**What to produce**
Restate word for word all of the lines below, with each image left out.

Input records START

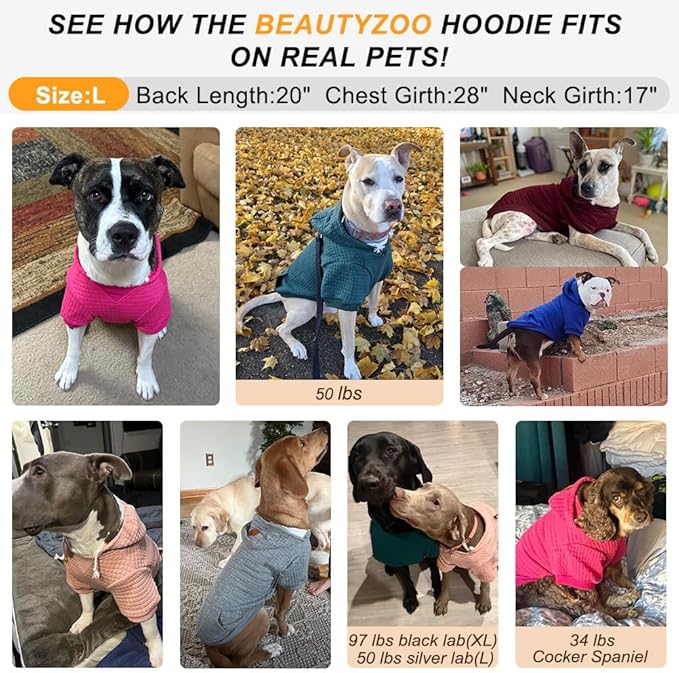 BEAUTYZOO Small Dog Hoodie Sweater with Pockets, Dog Clothes for Small Medium Dogs Boy Girl, Waffle-Like Laminated Cotton Pet Coats with Hat and Leash Hole, Orange L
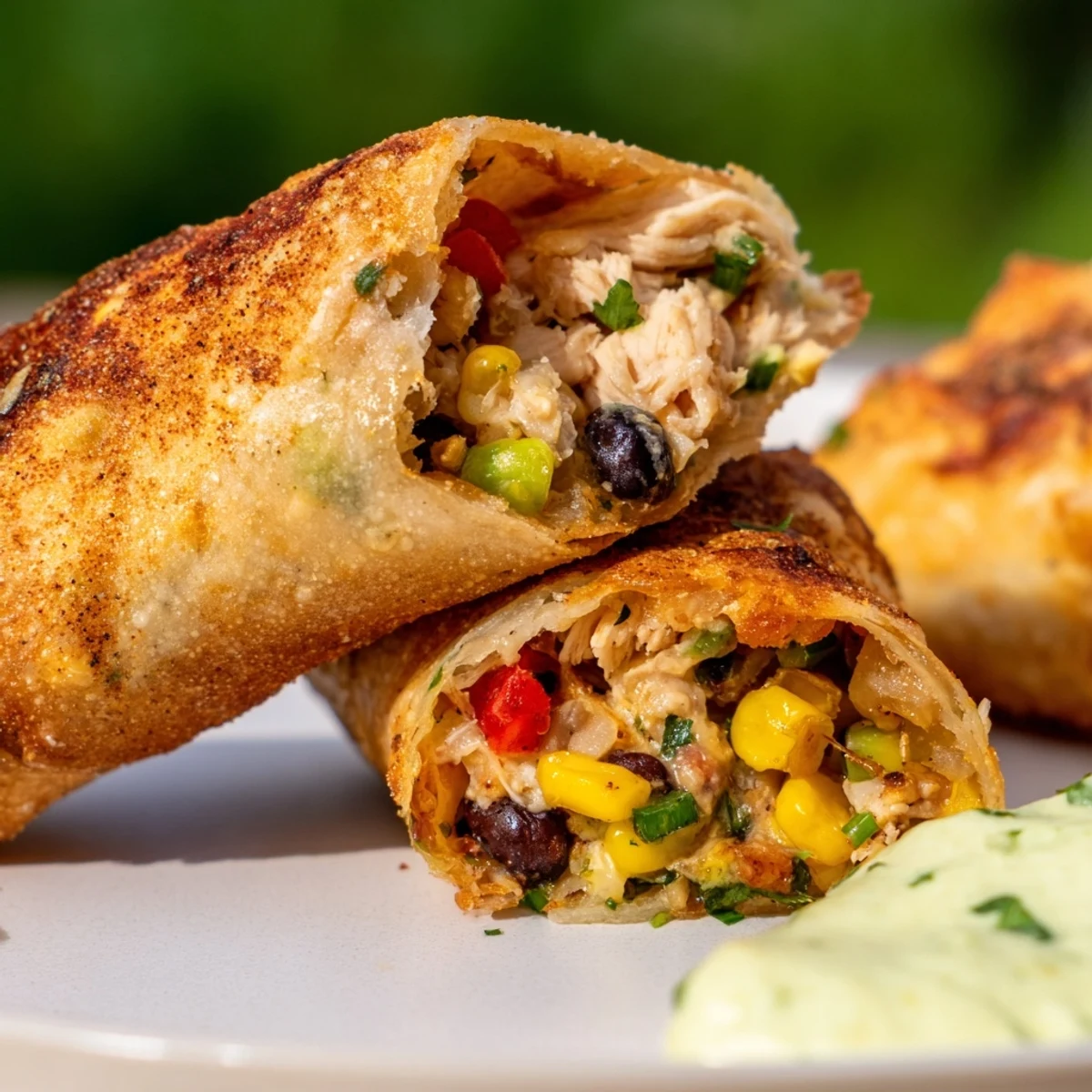Golden-baked Southwest egg rolls with creamy avocado ranch dip on a platter, perfect for game day parties.  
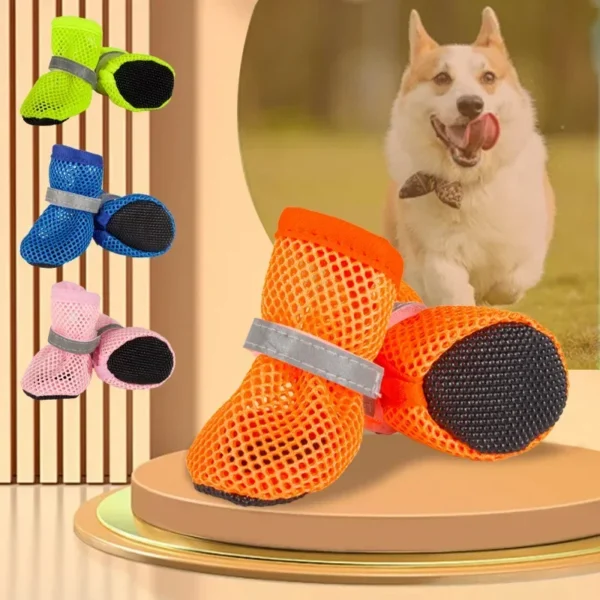 4pc mesh Dog Shoes for Small & Medium Dogs- Breathable & Non-Slip Soles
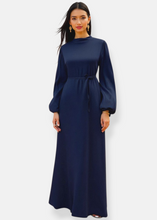 Load image into Gallery viewer, Robe Satin Bleu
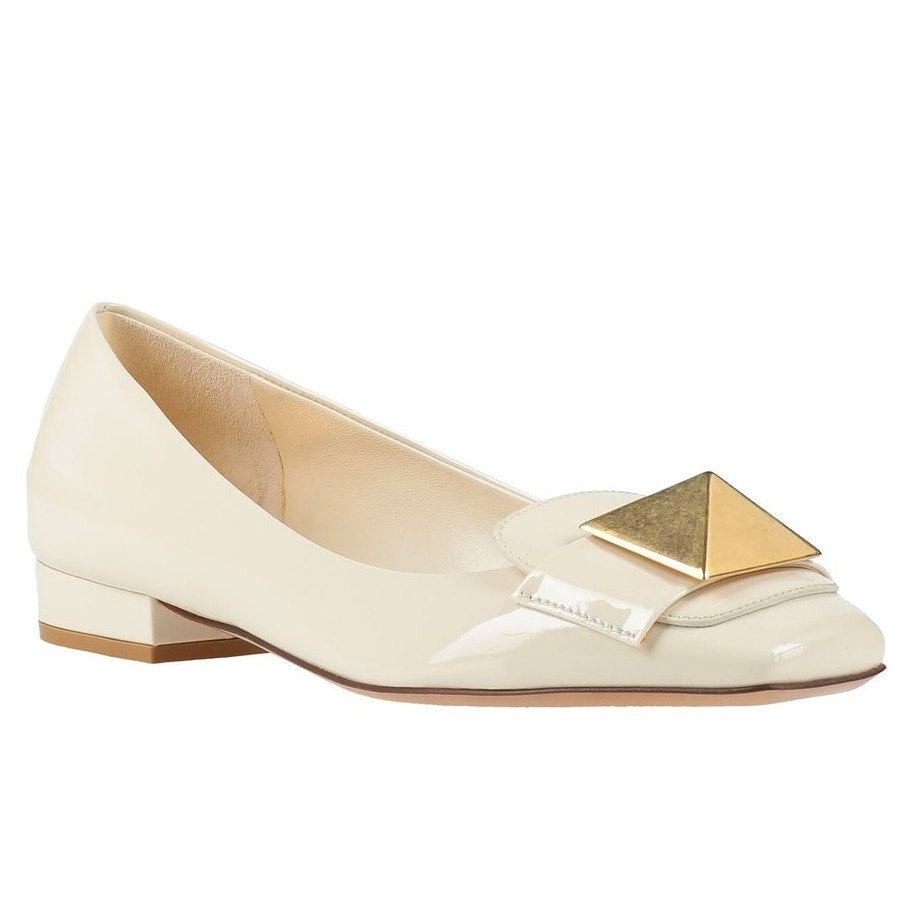 Valentino Garavani Ivory One Stud Flat Patent Leather Ballerina Shoes
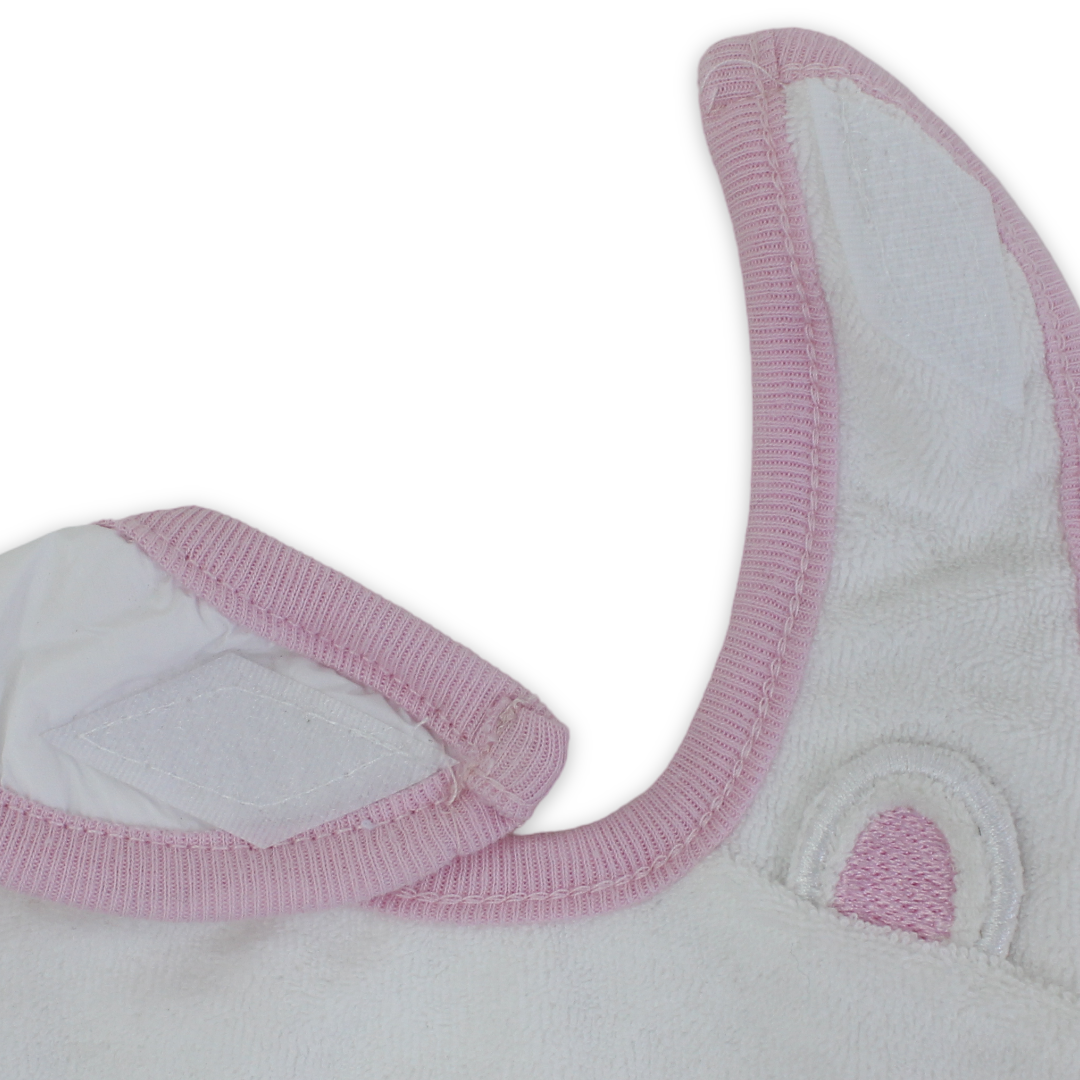 Cotton Baby Bib – Pink with Bear Embroidery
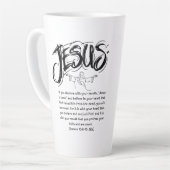 ラテコーヒーマグ – 救い祈りの言葉 – 信仰 カフェラテマグ (左アングル)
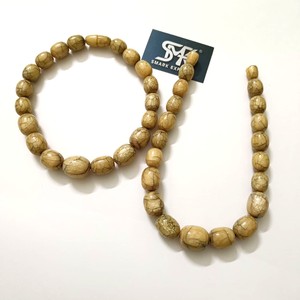 Cuentas de Resina Craquelada Beige Hechas a Mano, Cuentas Ovaladas Naturales para Manualidades, Hilo de Cuentas para Hacer Collares, Pulseras y Joyería, Modelo Angel Statement - Product Image 1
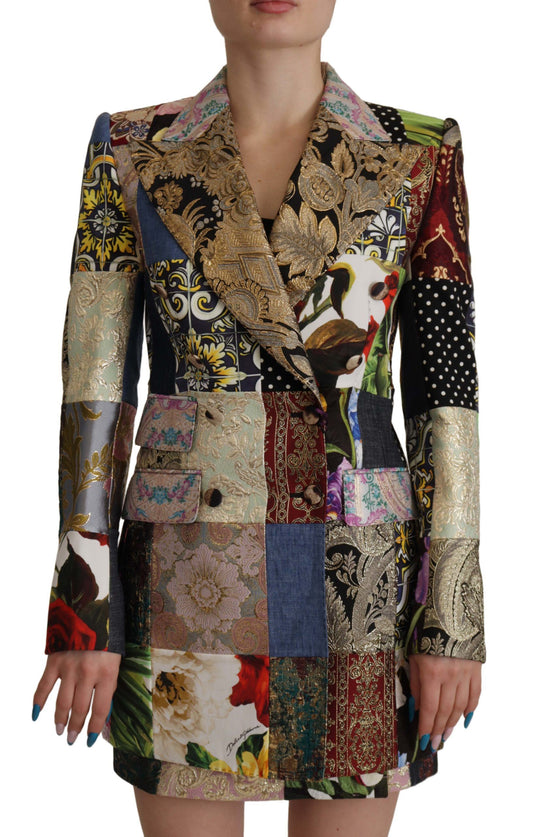 Dolce & Gabbana Multicolor Double-Breasted Patchwork Jacquard Blazer Jacket Dolce & Gabbana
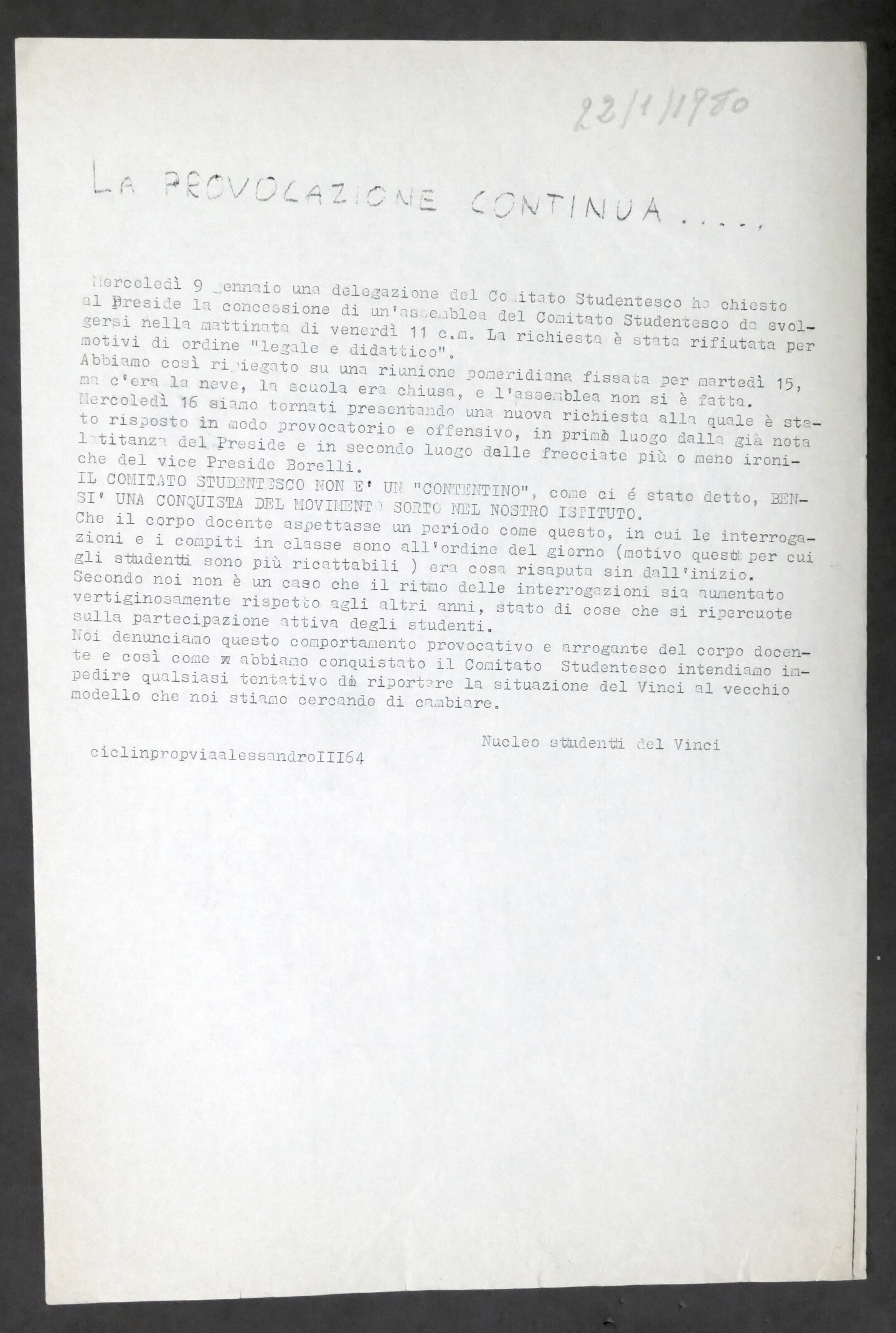 Volantino Nucleo Studenti del Vinci di Alessandria La provocazione continua …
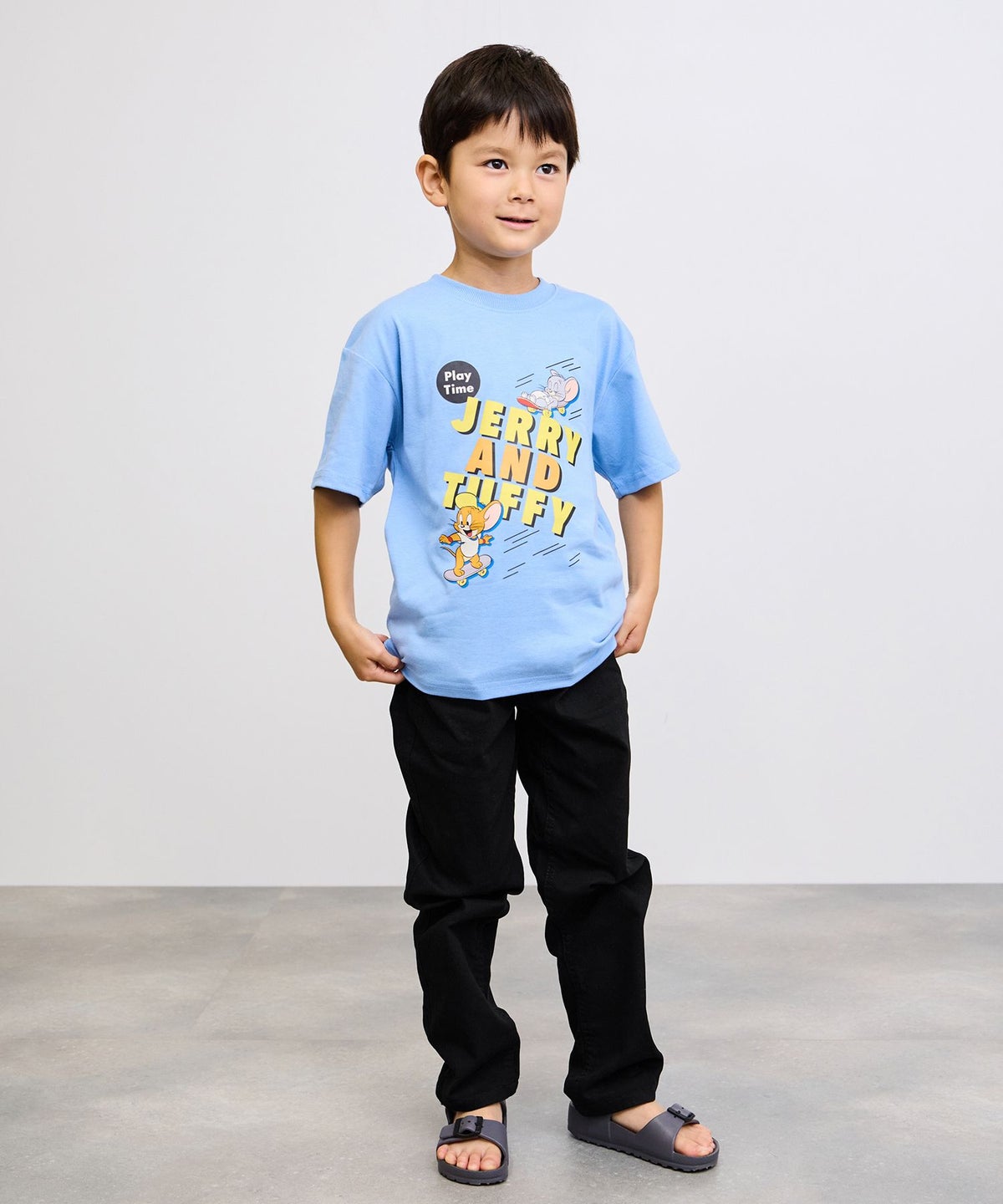 NAVY のびるモン ストレッチツイルストレートパンツ ウエストリブパンツ キッズ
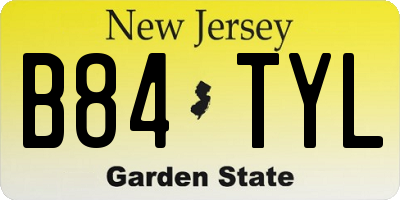 NJ license plate B84TYL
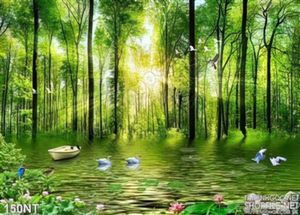 Tranh con thuyền và khu rừng
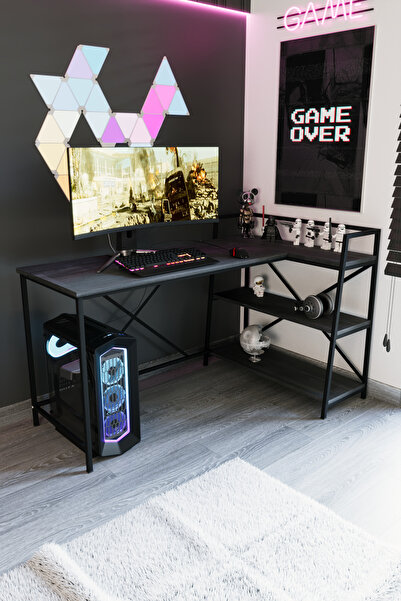 Flinder Siyah Oyuncu Masası, Çift Yön Kullanıma Uygun, Bilgisayar Masası, Gamer Masası, Gaming Masa, L Masa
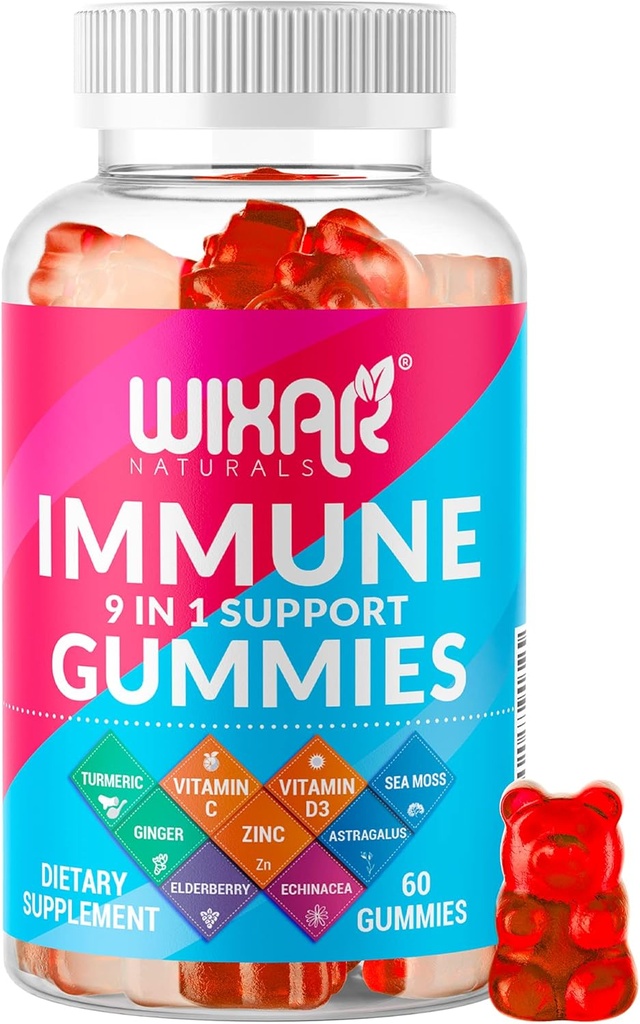 9 v 1 Imunitná podpora Gumičky s bazami, vitamínom C a D, zinok, kurkuma, zázvor, Echinacea, Astragalus a morské mos pre Imunity Supplement - 60 Gummies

Input records END

**Solution to the exercise**
 BEAUTYZOO Small Dog Hoodie Sweater with Pockets, Dog Clothes for Small Medium Dogs Boy Girl, Waffle-Like Laminated Cotton Pet Coats with Hat and Leash Hole, Orange L
Golden-baked Southwest egg rolls with creamy avocado ranch dip on a platter, perfect for game day parties.  
 4pc mesh Dog Shoes for Small & Medium Dogs- Breathable & Non-Slip Soles
 Load image into Gallery viewer, Robe Satin Bleu
 Valentino Garavani Ivory One Stud Flat Patent Leather Ballerina Shoes
 Cotton Baby Bib – Pink with Bear Embroidery
 ラテコーヒーマグ – 救い祈りの言葉 – 信仰 カフェラテマグ (左アングル)
 Cuentas de Resina Craquelada Beige Hechas a Mano, Cuentas Ovaladas Naturales para Manualidades, Hilo de Cuentas para Hacer Collares, Pulseras y Joyería, Modelo Angel Statement - Product Image 1
 Dolce & Gabbana Multicolor Double-Breasted Patchwork Jacquard Blazer Jacket Dolce & Gabbana
 Volantino Nucleo Studenti del Vinci di Alessandria La provocazione continua …
 NAVY のびるモン ストレッチツイルストレートパンツ ウエストリブパンツ キッズ
 NJ license plate B84TYL
 Tranh con thuyền và khu rừng
 Flinder Siyah Oyuncu Masası, Çift Yön Kullanıma Uygun, Bilgisayar Masası, Gamer Masası, Gaming Masa, L Masa
 9 v 1 Imunitná podpora Gumičky s bazami, vitamínom C a D, zinok, kurkuma, zázvor, Echinacea, Astragalus a morské mos pre Imunity Supplement - 60 Gummies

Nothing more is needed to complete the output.